Now we’ve remodeled, moved on and rejoined the planet. Now we’re annoying the natural world once again. But we still need our sanctuaries ... those soothing places where our brains can take a beat. Where we have a minute to think rather than do. Where we can be comforted by the contemplation of our inevitable difficult thoughts. 

 

I surveyed my breakfast club this morning to learn about their sanctuaries: 

A predawn bike ride; a walk in nature; early morning at the office before anyone else shows up; a comfortable freewheeling discussion with an intimate gathering of friends; a beach at sunrise. 

 

Mine? My car is an excellent oasis, and I know many of yours are, too. I see you sitting in your Hondas, Toyotas, Chevy Silverados, the engines off, your faces reflecting the glow of your iPhones, your doggo beside you on the passenger seat, your cream cheese and onion sandwich on the dashboard. 

 

Oh sweet closed-in comfort. 

 

For 14 years I had access to one of the grandest sanctuaries in the state. I had an office at the Nebraska State Capitol, my sanctuary especially at night, after I had finished my work and all the others had gone home. I slipped down the 32 steps just outside my third-floor door and walked through a dimly lit hallway to the Rotunda. 

 

I would sit on one of the rockhard benches that seemed to soften in the quiet, and soak in the subdued aura of high ceilings and decades old tile and marble art, looking up to the dome and the seven winged virtues soaring above us, clasping hands and reminding those of us planted on the floor of temperance, courage, justice, wisdom, magnanimity, faith, hope, charity. 

 

Sometimes it left me with an ache that could be at once fill me with hope and with sadness.
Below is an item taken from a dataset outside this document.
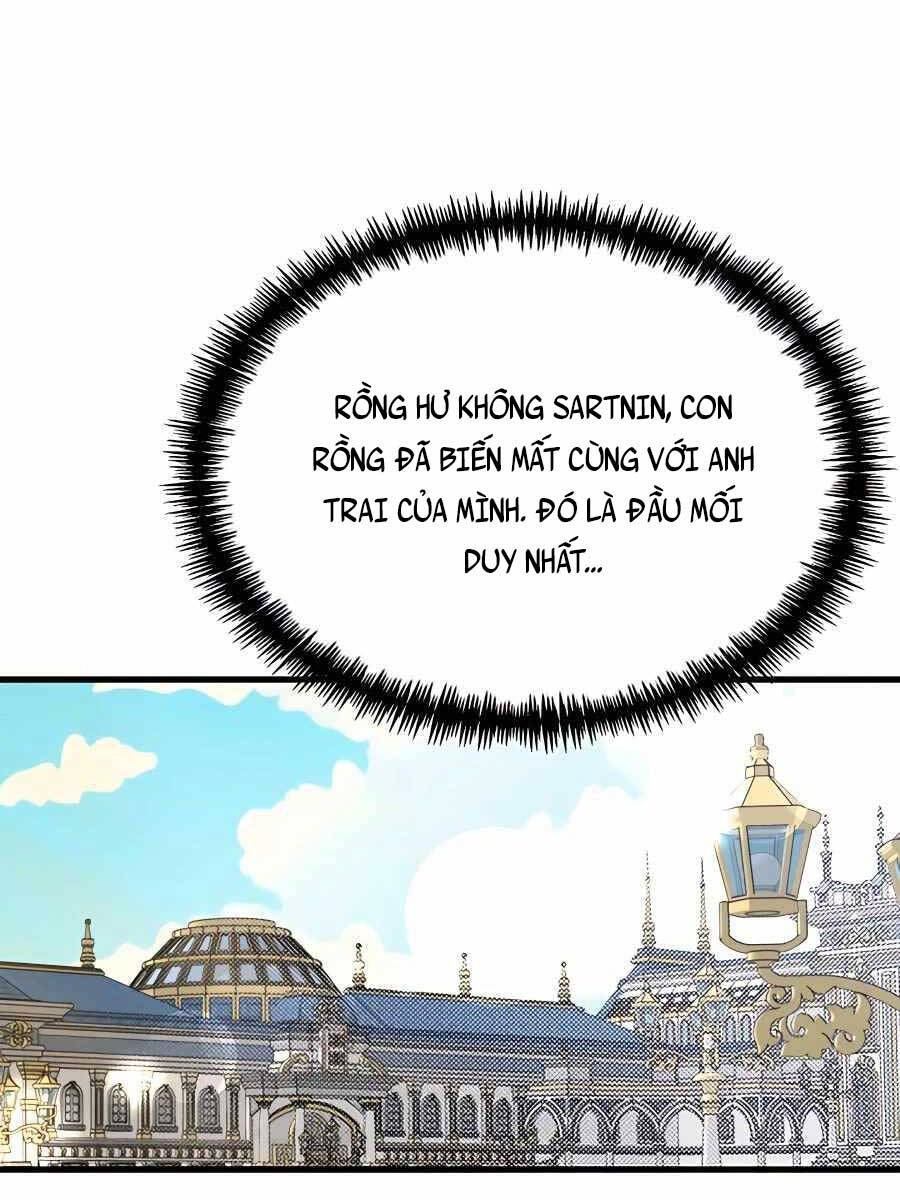 Anh Trai Anh Hùng Là Người Đã Chết Trong Học Viện Chapter 15 - 7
In December, when an evergreen from a generous Nebraska landscape filled the Rotunda with the scent of holidays and the primary colors of a string of lights reflecting on the polished marble floors, I could barely force myself to get up and go out into the night. 

 

I could have sat there until 4 in the morning writing love letters to Hildreth Meière and Hartley Burr Alexander. 

 

A few weeks ago, I discovered another sanctuary – for those who experienced in May 2020 the killing of George Floyd by Minneapolis police officers, and the protests and turmoil that followed in that city and around the country. I wanted to see that piece of ground in front of Cup Foods at 38th Street and Chicago Avenue, to stand on the sidewalk and contemplate all that happened on that day and since. 

 

What I found was a two-block square, the George Floyd Free State, that is filled with memorials to him and many others killed by police in our country. It is, as those who tend to it say, a place of peace, justice, mourning and healing. 

 

It feels sacred. I spent time walking and studying, talking to a guardian, and a woman who could easily recite the history of police brutality and injustices visited upon Black people in our country. I met an independent photojournalist who was the first to arrive on the scene and then continued to return and document events, experiences and people there. 

 

Words on the sidewalk (as written): ‘We march, ya’ll mad. We sit down, ya’ll mad. We speak up, ya’ll


mad. We die, ya’ll silent.”

 

From the abandoned Speedway gas station (now dubbed The People’s Way) across the street from the Cup Foods memorial area to the Say Their Names Cemetery art installation, it is a sanctuary for anyone who cares about the injustices that have happened in our country for centuries to our Black Americans.  

 

Paul Eaves, a volunteer caretaker, has said: “There are certain parts of the world that have a certain sacredness because of continued attention human beings give them. And this is one of them.” 

 

Wherever, whenever, you need your own sanctuary, you will find it. In a book, a library or a bookstore. At our favorite table in our beloved coffee shop. Behind a camera. On a deck or a bike trail, an 8-foot fishing boat or one-woman kayak. 

 

I wish you comfort and light or dimly lit joy.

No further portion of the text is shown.